If you notice that a crawl is collecting duplicate links due to parameters, like
- '{"url":"https://nmiu.org/index.php/novyny-museum?iccaldate=2022-4-1","seedId":0,"depth":2}'
- '{"url":"https://nmiu.org/index.php/novyny-museum?iccaldate=2023-03-1","seedId":0,"depth":2}'
- '{"url":"https://nmiu.org/index.php/novyny-museum?iccaldate=2022-2-1","seedId":0,"depth":2}'
where each is the same base page when loaded in the browser, then first check that excluding it results in the same webpage. in this case, as https://nmiu.org/index.php/novyny-museum goes to the same webpage, we can exclude all cases where iccaldate= is used as a query parameter / link to follow by adding the following to our yaml file:
exclude:
- .*iccaldate=.*
This will prevent the same page taking up multiple workers / space in the final file / time. So the whole file will read
collection: "collection-nmiu-org"
workers: 16
saveState: always
seeds:
- url: https://nmiu.org
include: .*nmiu\.org.*
scopeType: "host"
exclude:
- .*iccaldate=.*
Some websites have recursive links.
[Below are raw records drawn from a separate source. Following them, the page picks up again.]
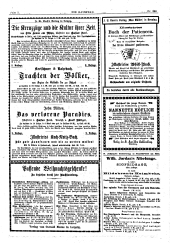 Die Hausfrau: Blätter für Haus und Wirthschaft 18841215 Seite: 2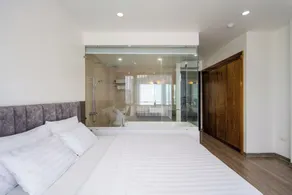 Granda Suites Hanoi - Værelse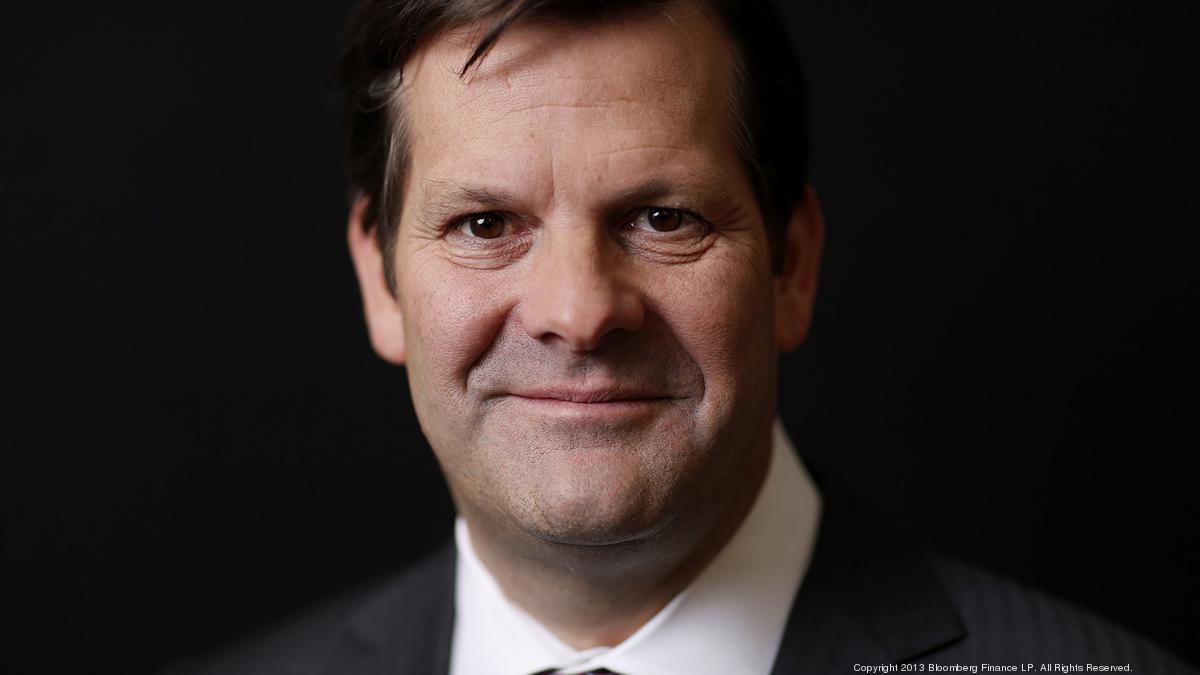Bombardier names new CEO, is looking at consolidation opportunities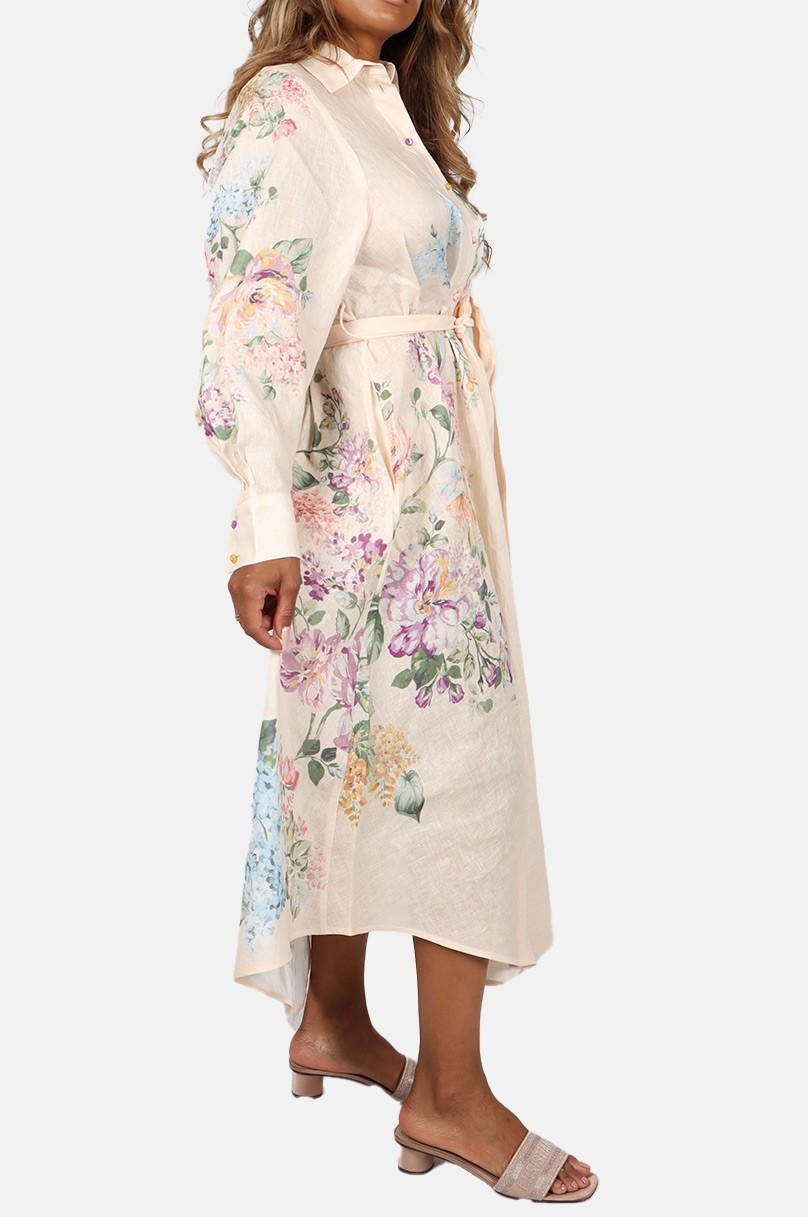 Robe "Halliday" Zimmermann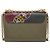 Twist Borsa a tracolla marrone Louis Vuitton Monogram Boite Chapeaux Souple MM - vista 4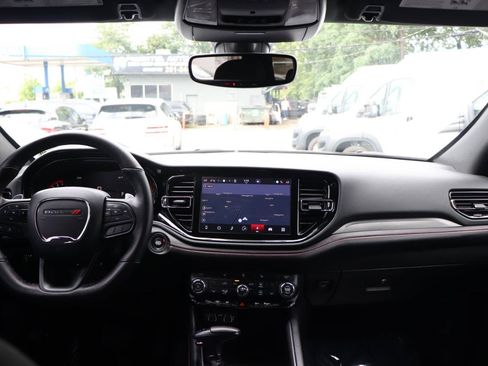 Used 2025 Dodge Durango GT AWD/4WD image 18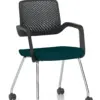 Bespoke Maringa Teal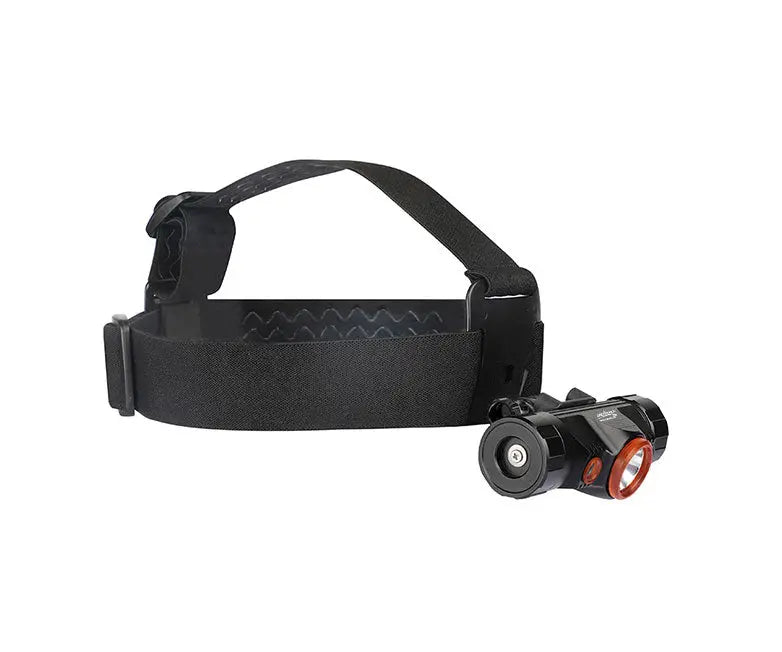 OrcaTorch Technical Diving Mazu TD01 lampada subacquea 1 batteria USB-C 18650
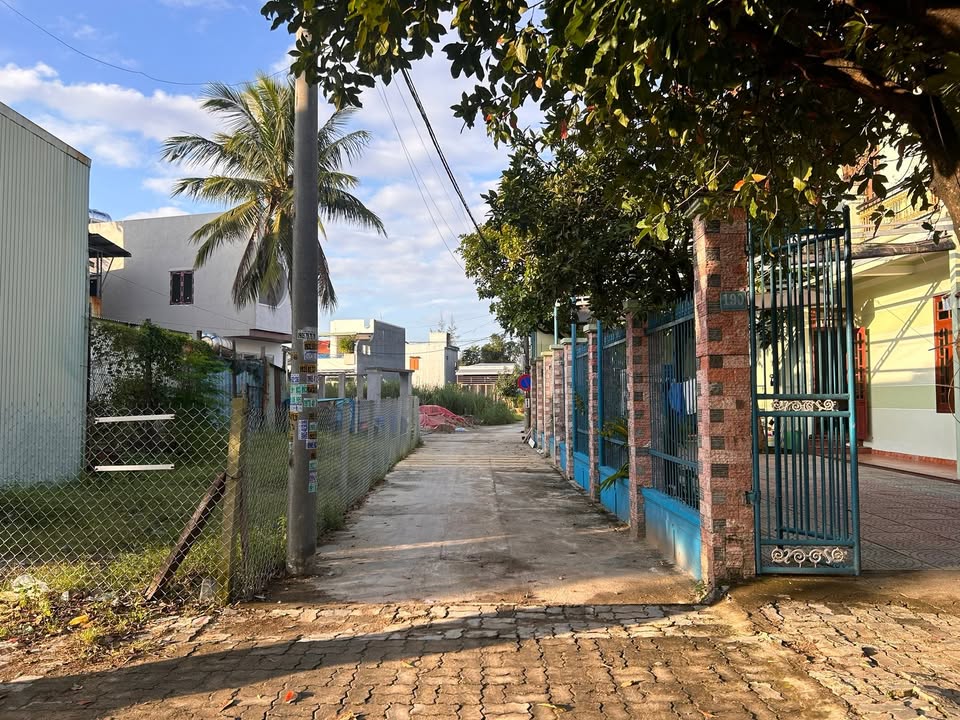 Đất nền Hòa Quý Đà Nẵng 84m² giá 3.4 tỷ - Đường ô tô rộng rãi!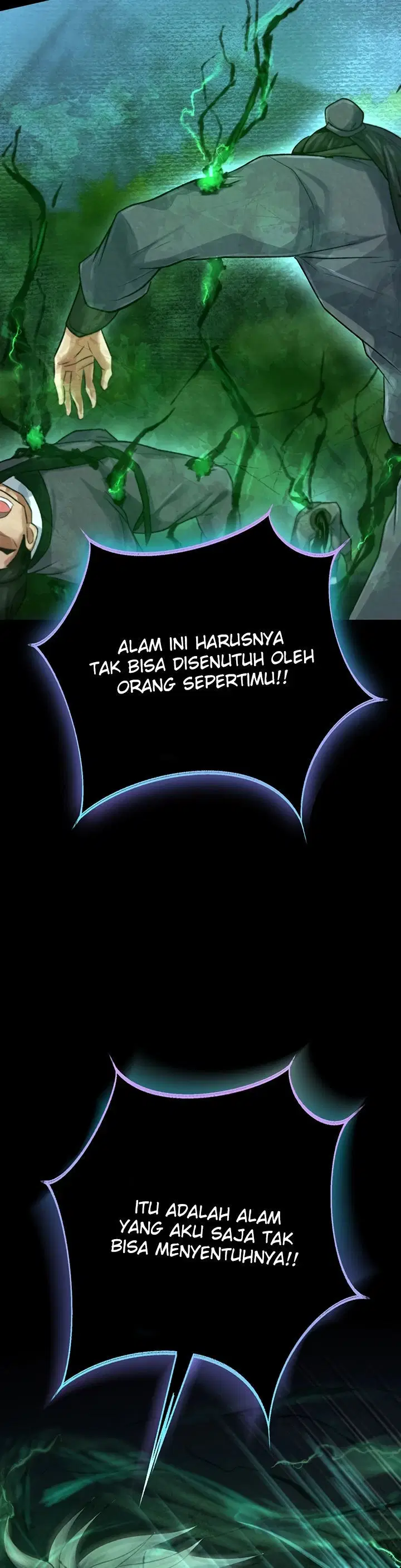 I Ended Up in the World of Murim - Chapter 78 41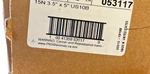 Hager 15N Flush Cup Pull US10B 1/2" X Oil Rubbed Bronze 613. Fixed Price $59.95.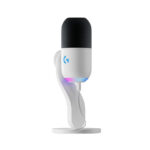 Logitech Mikrofon Yeti GX 988-000576 Weiss
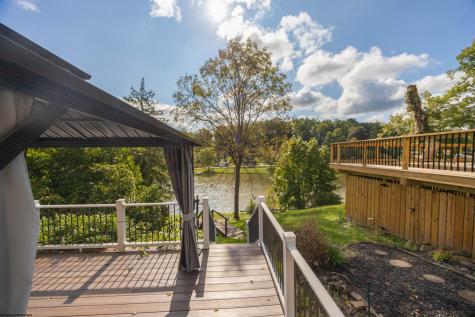 500 Maple Lake Road Bridgeport WV 26330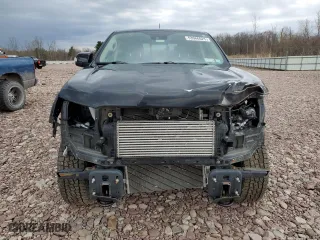 2019 Ford Ranger XL with VIN 1FTER4FH3KLA61019, listed as a Copart auction lot 53986625 with 51,639 mi miles and Salvage Title. Bid and sale history available at carsss.com. Image 5.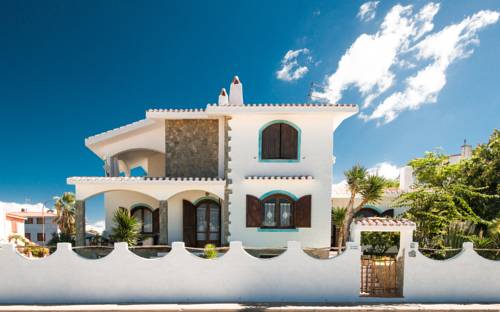 Portoscuso Italie Bon d'hôtel code promo booking.com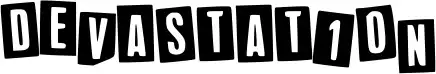 Devastation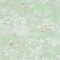 Sanderson Chiswick Grove wallpaper in sage 216387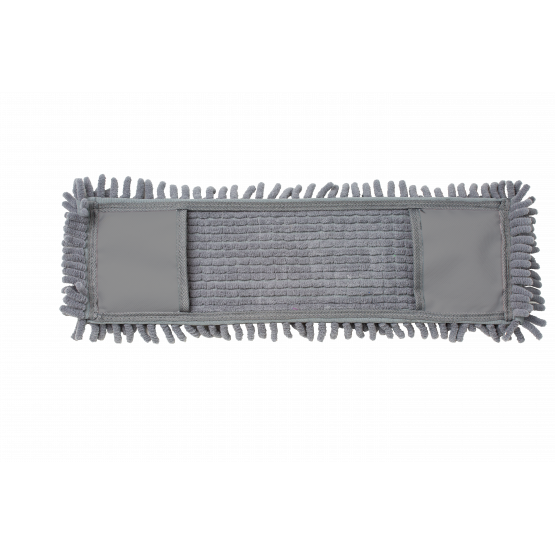 Wham® Klean Microfibre Noodle Flat Mop Head Cover Refill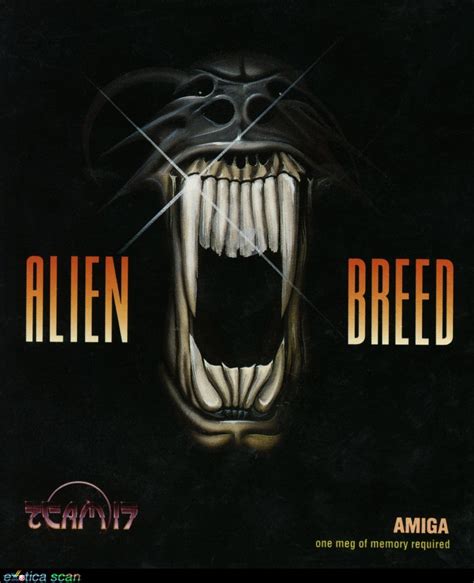 Image result for Alien Breed PS3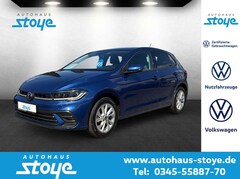 Bild des Angebotes VW Polo Style TSi DSG Navi Matrix IQ Drive Style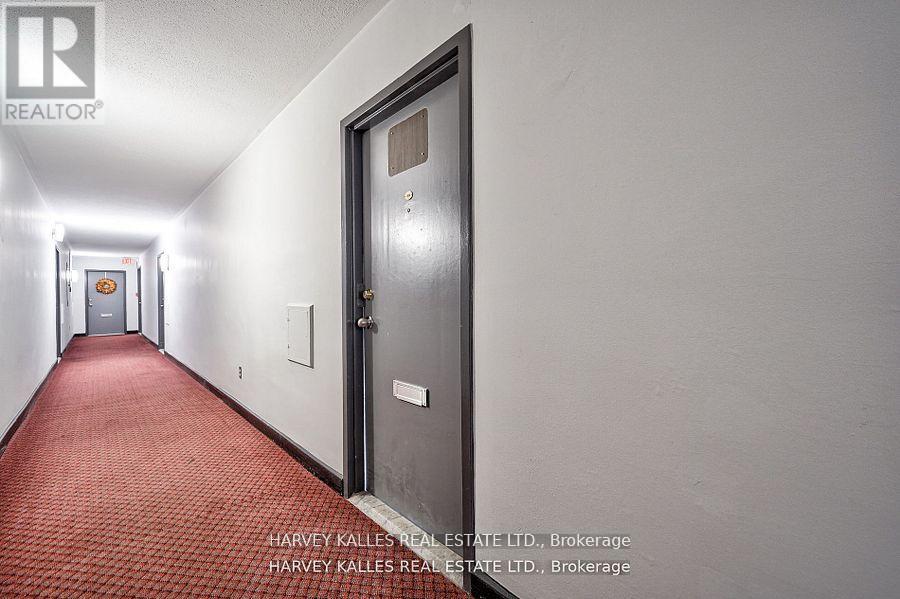 505 - 2000 Sheppard Avenue W, Toronto, Ontario M3N 1A2 - Photo 29 - W13068908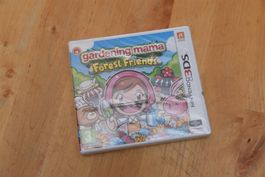 Gardening Mama Forest Friends (NEU)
They can look like this
'{"url":"https://nmiu.org/lektoriy/181-ekskursiji-kontent/vysta/3/index.php/index.php/index.php/index.php/index.php/index.php/index.php/index.php/index.php/index.php/index.php/index.php/index.php/index.php/index.php/index.php/index.php/index.php/index.php/index.php/index.php/index.php/index.php/index.php/index.php/index.php/index.php/index.php/index.php/index.php/index.php/index.php/index.php/index.php/index.php/index.php/index.php/index.php/index.php/index.php/index.php/index.php/index.php/index.php/exponat-tyzhnya","seedId":0,"depth":48}'
If you notice this kind of pattern in the URLs of a site that never seems to end, avoid getting stuck in such a trap by adding the "depth" flag to the yaml file:
collection: "collection-litme-com-ua"
workers: 16
saveState: always
seeds:
- url: http://collection.litme.com.ua/
include:
- .*collection\.litme\.com.ua.*
scopeType: "host"
depth: 25
This will tell the tool to only follow a given path to a depth of 25 different URL clicks, so use it with care!
In the example given at the start of this section, exclude can also be used with
exclude:
- .*index.php/index.php.*
as this was what was causing the recursion
This is an example crawl of a WikiMedia site, reducing an enormous, unfinishable crawl to a manageable one, by ignoring all wiki paraphernalia (history pages, etc.).
collection: "wiki-library-kr-ua"
workers: 16
saveState: always
seeds:
- url: https://wiki.library.kr.ua/
include: .*\.wiki\.library\.kr\.ua/
exclude:
- .*action\=.*
- .*page\=.*
- .*limit\=.*
- .*oldid\=.*
- .*title=%D0%A1%D0%BF%D0%B5%D1%86%D1%96%D0%B0%D0%BB%D1%8C%D0%BD%D0%B0\:.*
- .*returnto\=.*
scopeType: "host"
Line 12 tells it to ignore links with titles beginning with the Ukrainian word for "special" followed by a colon: that might need to be reconfigured for each site.